Vou dar um exemplo. Um aluno, seja de Manaus ou até mesmo do interior, que tenha vulnerabilidade socioeconômica comprovada, ele concorre a uma bolsa na instituição. Esse valor vai permitir a manutenção desse aluno. Hoje temos o restaurante universitário e a moradia estudantil. Então, essas e outras políticas permite a permanência do aluno na instituição, o que faz com que não tenhamos evasão e a retenção [aluno que abandona disciplinas].

Voltando para a questão das cotas. É inegável que após a Lei de Cotas houve maior número de acesso de minorias étnicas na universidade. Porém, ainda assim, há uma demanda por parte dos indígenas para mais vagas reservadas, especialmente aqui no Amazonas, que possui a maior população indígena do país. Há chance de esse percentual ser ampliado? 

Eu não tenho nada a me opor, agora essa decisão não é monocrática, mas sim colegiada. A nossa instituição é formada por colegiados, então, na medida em que os colegiados ampliam na pós-graduação, hoje temos diferentes programas com vagas para indígenas, são decisões que vêm dos colegiados. Agora, nós vemos com muitos bons olhos.

Hoje, em alguns programas de pós-graduação da Ufam, existe essa cota, mas em outros, não. É possível padronizar isso de alguma forma, ou seja, ter a reserva de vagas para indígenas em todos os cursos?

Sim, esse é um processo de convencimento interno. Como eu lhe disse, a instituição é colegiada, então, os colegiados e seus convencimentos é que vão gerando decisões e é claro que essa formatura que fizemos agora sinaliza não só para o nosso curso de graduação, mas para os nossos programas de pós-graduação a necessidade de ampliarmos esse debate internamente e fazermos esse processo. Tem um efeito simbólico muito grande dentro da instituição.

Neste ano tivemos um bloqueio de R$ 15 milhões no orçamento da Ufam, num contingenciamento geral que afetou outras universidades e institutos federais. O senhor foi até Brasília junto de outros reitores para tentar reverter essa medida e conseguiu reduzir o bloqueio para R$ 7 milhões. Fora isso, o Ministério da Educação é um dos que mais perdeu orçamento nesse ano, ao lado da Saúde e Ciência & Tecnologia. Quão prejudicial é essa redução consecutiva para a instituição e qual o cenário previsto para 2023?

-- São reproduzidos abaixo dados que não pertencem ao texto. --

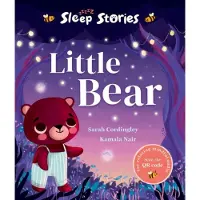 Bookoutlet Sleep Stories: Little Bear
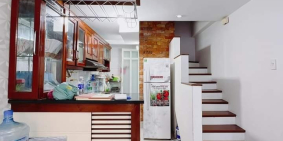 CẦN BÁN NHÀ QUẬN 1 MỚI 3 TẦNG - 3 PN - SỔ VUÔNG VỨC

Temos feito todo um trabalho pelas pró-reitoria de Planejamento e Administração, e a Prefeitura do Campus, que executa obras, para que nós façamos um remanejamento orçamentário, uma revisão de contratos, sempre dialogando com todos os setores, e nós estamos atravessando esse momento. Pautados no diálogo com a comunidade e atores envolvidos. Fui até Brasília, estava dialogando para que buscássemos uma solução de forma que não tivesse nenhuma descontinuidade. Até que estamos agora a 15 dias para terminar o semestre e ele está sendo finalizado com esses ajustes que fizemos no nosso orçamento.

E a previsão para o ano que vem?

No próximo ano, o orçamento apresentado tem uma redução de 12%, em média. É claro que isso gera em nós uma preocupação muito grande, mas como o orçamento ainda será votado, iremos trabalhar para podermos buscar uma recomposição mesmo dentro dessa projeção. A Lei Orçamentária Anual é uma proposta, mas o relator do orçamento, eu sou presidente da Comissão de Orçamento da Andifes [Associação Nacional dos Dirigentes das Instituições Federais de Ensino Superior] então, já estive com o relator do orçamento 2023, que é o senador Marcelo Castro (MDB-PI). Conversamos e na época ele disse que o orçamento só seria tratado por ele ao término do processo eleitoral. Estamos aguardando para começar as tratativas. Falo também como presidente da Comissão de Orçamento da Andifes.

A portaria 555, publicada em 29 de julho pelo MEC, dá poderes aos reitores para demitir servidores em processos disciplinares, em instância única, sem possibilidade de recurso. Associações de docentes falam em ataque à ampla defesa e o medo de perseguições políticas. Como o senhor vê essa portaria? Há risco de algo assim?

Aqui na nossa instituição qualquer ato desta natureza é permeado pela ampla defesa, seja técnico-administrativo ou docente. Inclusive, todos os processos dessa natureza têm o parecer da Advocacia-Geral da União. E é peça obrigatória para qualquer decisão, seja minha enquanto reitor, ou de um colegiado em grau de recurso. Portanto, no nosso caso aqui, eu ainda não tenho nenhum caso concreto, mas da nossa parte nunca houve nenhum problema em relação a isso, porque seguimos estritamente o texto legal.

Perfil

Nome: Sylvio Mario Puga Ferreira
Idade: 51 anos
Estudos: Ciências Econômicas (Ufam)
Experiência:  Reitor da Universidade Federal do Amazonas (UFAM). Professor Associado  do Departamento de Economia e Análise (DEA) da Faculdade de Estudos Sociais (FES).